Grabbed a couple cameras, a couple lenses (Pentax 40 f/2.4 and Sigma 105 f/2.8) and headed over to the lake to do some experimental photography. I wanted to get a photo of the lake at rest with runners and cyclists appearing to move past the camera lens in a blur, suggesting the passage of time to which the lake is relatively indifferent. OK, perhaps that’s jumping to meaning before I’ve got a form. What I wanted to do was photograph the lake, with some ghosts in it.
By ghosts, I just mean deliberately blurred people. The blur is produced by having a person move through the scene while the camera’s shutter stays open longer than usual. For a while I’ve been intrigued by the “ghosts” in some of the great Eugene Atget’s photos of Paris. Atget was forced to use very long shutters in the range of a couple seconds. Although he seems to have shot very early in the morning when there were few people about, occasionally, his photos have a blur in them where a person wandered on the to the scene during the exposure. I’m not sure if Atget liked it or not, but many people since have found it quite an evocative effect; I certainly do. But I wasn’t trying to imitate Atget precisely here. If I’d kept my shutter open for 2 whole seconds, my ghosts would have been barely imperceptible. Since my ghosts were going to be riding bikes or jogging, I had to speed the shutter up a little to catch them. Most of these were shot around 1/20th sec. (Other technical info: Apertures in all these shots between f/8 and f/9.5. ISO between 160 and 400.)
Catching ghosts was harder than I thought and I wasn’t very successful.
This first shot shows one problem. This father and son, who had parked near where my tripod was standing, had just one moment earlier gotten on their bikes to the left of the tree and begun cycling to the right. I turned the camera at the last second and didn’t have time to think hard. As it happens, although I had my shutter set pretty slow—1/20th sec—they were moving so slowly that they didn’t blur very much. Still, there is an element of interest in this photo, I think: the beautiful sharp and well-defined tree trunk. I also like the fact that, shooting at an angle like this, the level horizontal line of the far shore is not parallel to the line of the near shore, as it is in all the following shots. This would have been my best shot of the day, if I’d use a slower shutter. Sigh.
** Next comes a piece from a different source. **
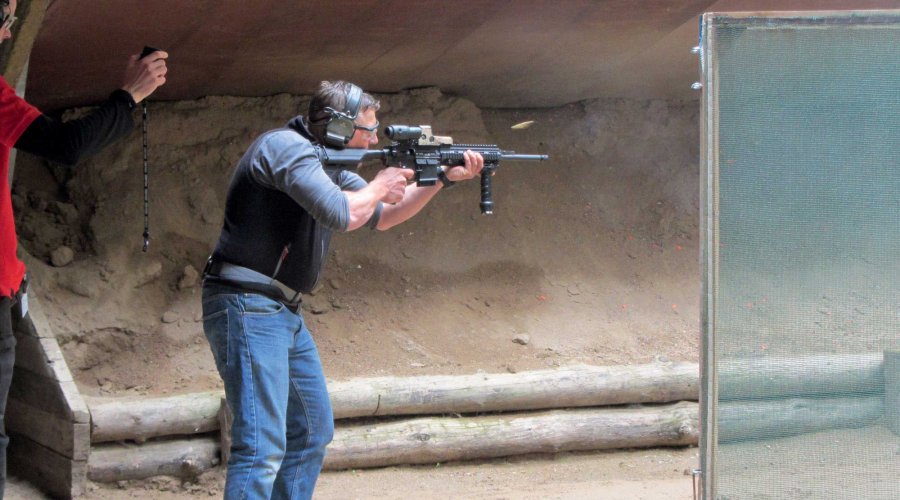 IPSC-Gewehrschütze mit Selbstladegewehr im Anschlag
In the following photo, I captured several passers-by at once:
I like this photo for that reason, and yet, it doesn’t quite click. I am not sure why. Perhaps there are too many ghosts. I also tried a different treatment on this photo. I didn’t convert it all the way to black and white; I simply desaturated it about 80%. Notice that you can still see some of the green in the grass on the near bank and red in the building across the lake. The idea here was that, at sundown, things naturally get less saturated. That is true. But I’m not sure the treatment works. Perhaps the treatment doesn’t work because the composition isn’t perfect. As I said, I’m not sure.
In the next shot, I think the cyclist’s posture is almost perfect:
The way he is learning forward emphasizes the impression of movement, which I wanted. I got lucky there. Note that I’ve cropped that photo to its original aspect ratio (2×3), while most of the others here have been cropped to 1×2, an aspect ratio that emphasizes the horizontal axis of the scene by cutting out a lot of relatively meaningless sky. Sometimes it seems to me that this photo is weakened by the fact that there is simply too much lake in the middle; at other times, I think perhaps the lake (occupying about two-fifths of the vertical space) is balanced by the sky (occupying also about two-fifths of the vertical space) and that this shot is not too bad.
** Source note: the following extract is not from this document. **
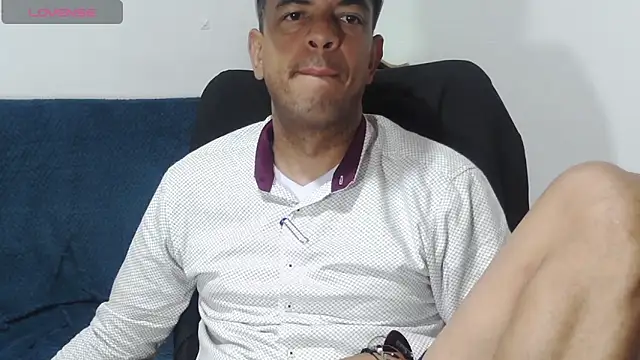 Snapshot of latinmartin73 chatting on May 2026 01:01:02 AM latinmartin73 online show from May 2026 01:01:02 AM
On the effect of cropping, compare this image:
Here I’ve cropped to 1×2, and the ghost cyclist also has worked out pretty well, indeed, except for his posture, perhaps even better than in the previous photo. I think cutting out some of the sky emphasizes the emptiness of the lake in the middle.
It took me a while to realize that this was a problem. Finally, I lowered my tripod very considerably, so the camera was less than 2 ft off the ground. Because the lake is lower than the grass from which I was shooting, lowering the tripod doesn’t change my perspective on the lake much; as you can see in the photo, there’s about as much lake as there was before. But it makes the cyclist’s head move up on the horizon.
This, I think, is the most successful photo of the group, or rather, the one that is least unsuccessful. I wish the cyclist had been moving a little faster. But this time, I got the top of his head almost to touch the far shore— thus “filling in” the lake. And the fact that this cyclist wasn’t at all colorful prompted me to give this a full black and white treatment, which I rather like.
But then again, perhaps the problem with these shots has nothing to do with the cyclists or the amount of empty lake. Maybe the problem was simply that the sunset—which was taking place directly across the lake in all of these photos—was hidden behind a rather boring cloud formation. I just wasn’t lucky that day. It always helps to be lucky.